Data section:
================================

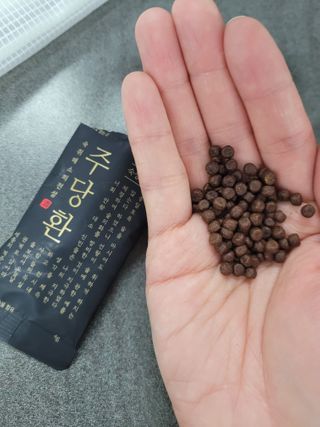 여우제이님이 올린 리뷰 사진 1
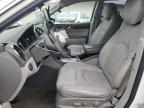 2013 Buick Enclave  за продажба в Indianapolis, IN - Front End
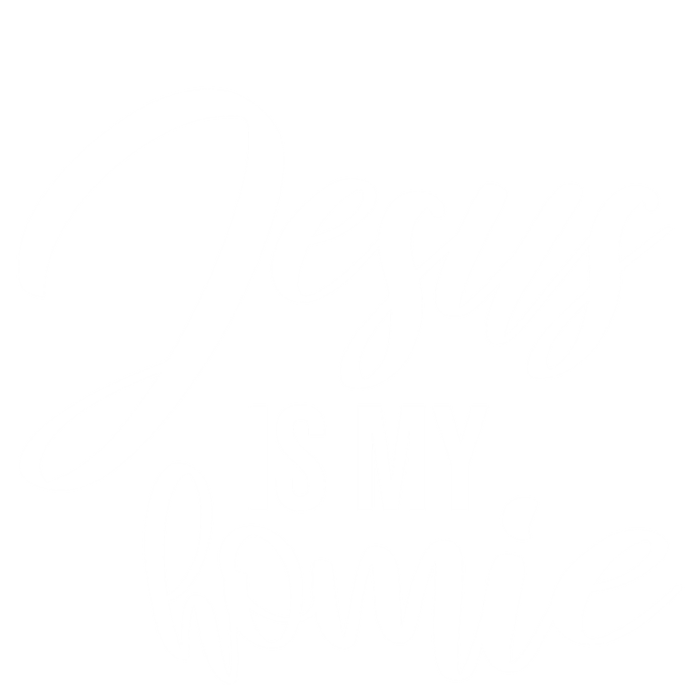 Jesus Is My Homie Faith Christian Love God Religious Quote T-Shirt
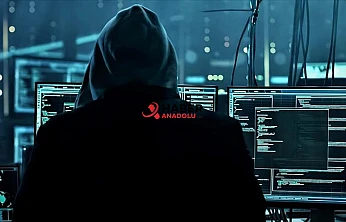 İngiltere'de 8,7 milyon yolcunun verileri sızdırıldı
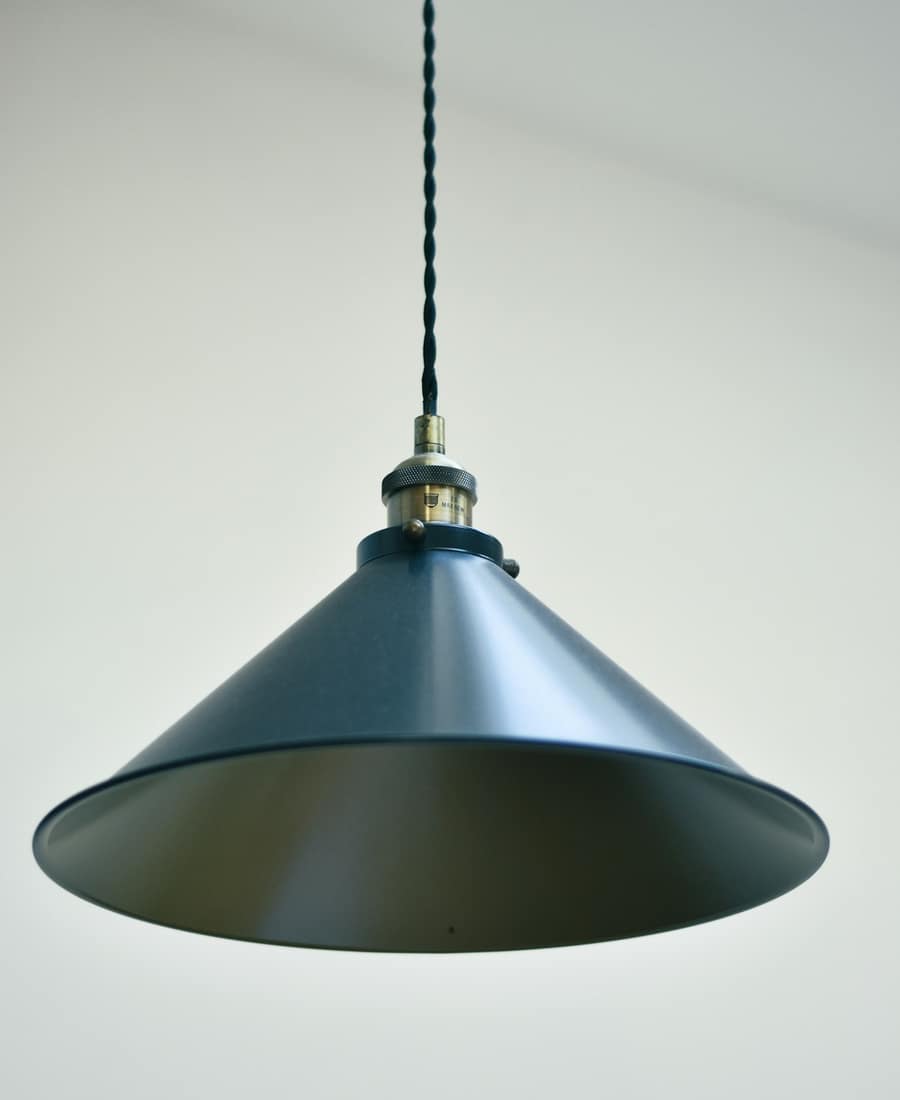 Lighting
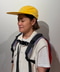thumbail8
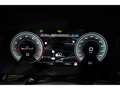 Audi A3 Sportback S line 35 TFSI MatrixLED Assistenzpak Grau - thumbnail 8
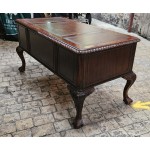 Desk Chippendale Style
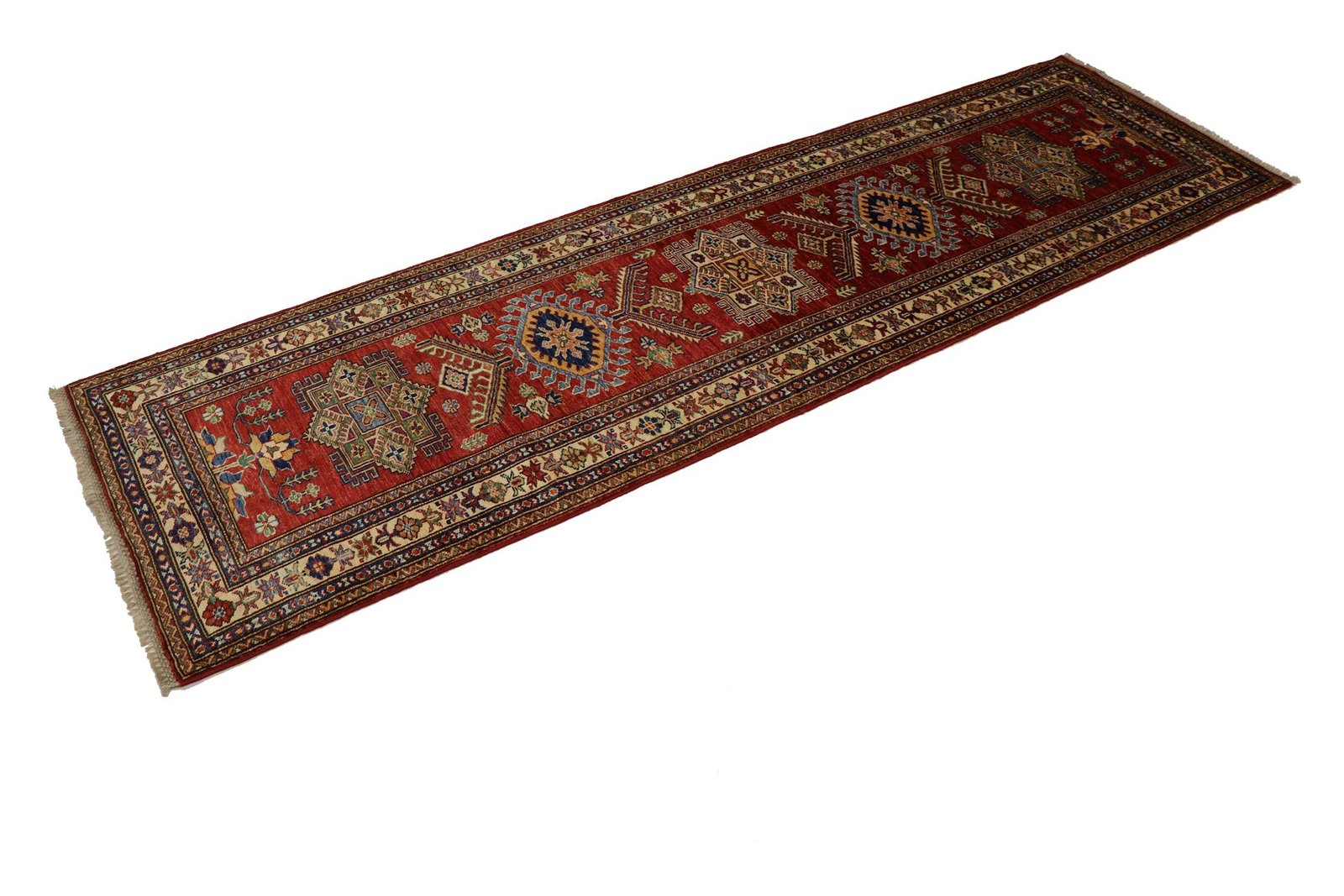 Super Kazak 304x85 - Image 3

================================

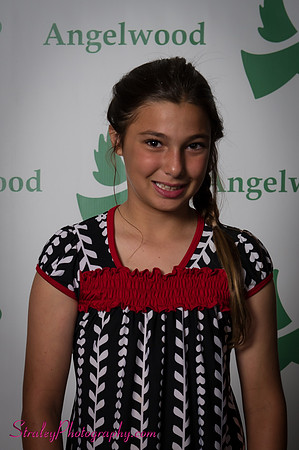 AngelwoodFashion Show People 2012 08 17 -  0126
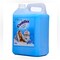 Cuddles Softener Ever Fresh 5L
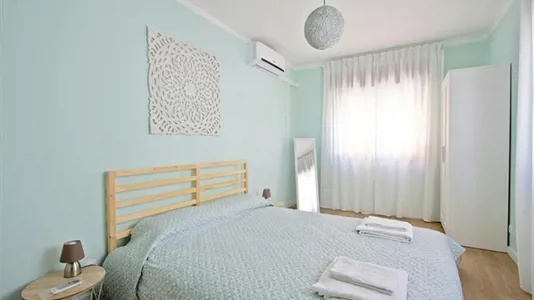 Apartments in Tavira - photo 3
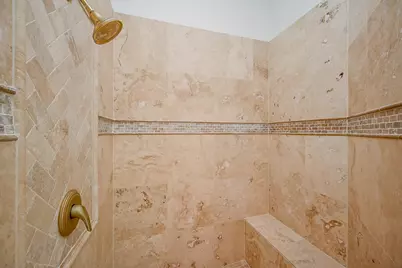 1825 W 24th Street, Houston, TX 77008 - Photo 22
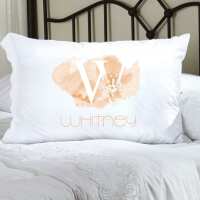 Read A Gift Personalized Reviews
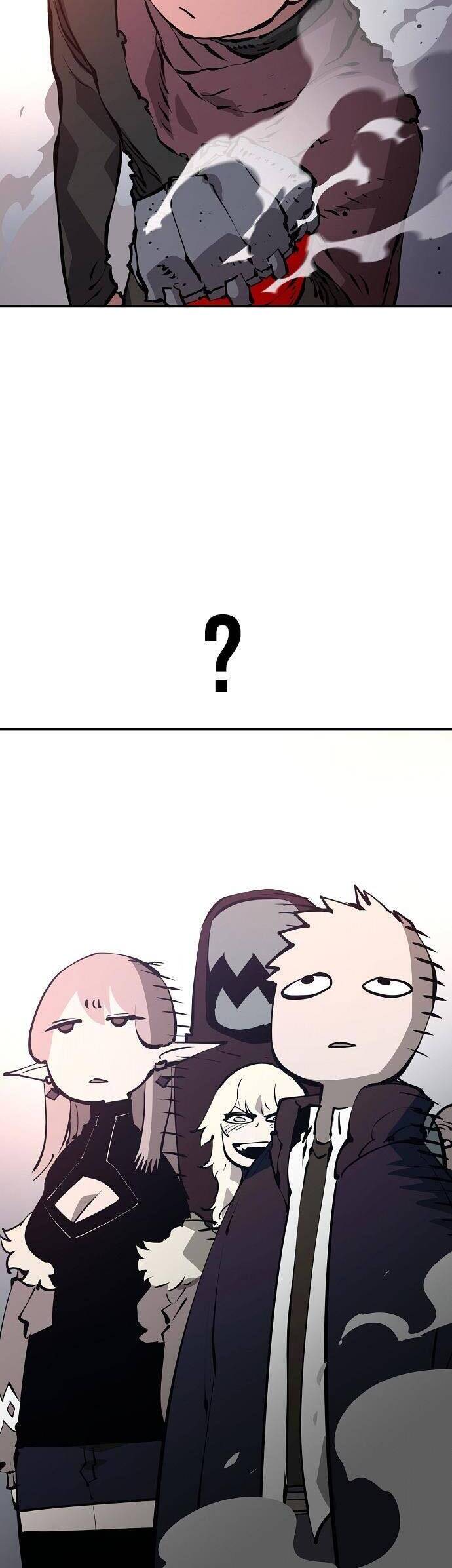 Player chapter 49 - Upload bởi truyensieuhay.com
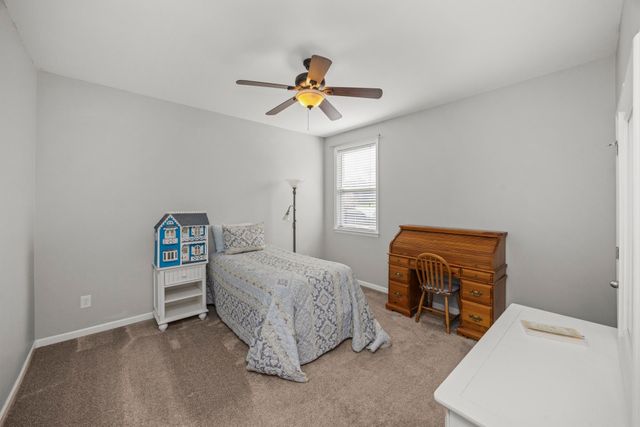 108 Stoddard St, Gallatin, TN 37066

================================

Aim of the exercise: Out of the records above, return only the lines from the one with "Apartments in Tavira - photo 3" through the one with "108 Stoddard St, Gallatin, TN 37066", exactly, and none of the pictures.

Solution for this problem:
 Apartments in Tavira - photo 3
 1825 W 24th Street, Houston, TX 77008 - Photo 22
 Read A Gift Personalized Reviews
 Player chapter 49 - Upload bởi truyensieuhay.com
 108 Stoddard St, Gallatin, TN 37066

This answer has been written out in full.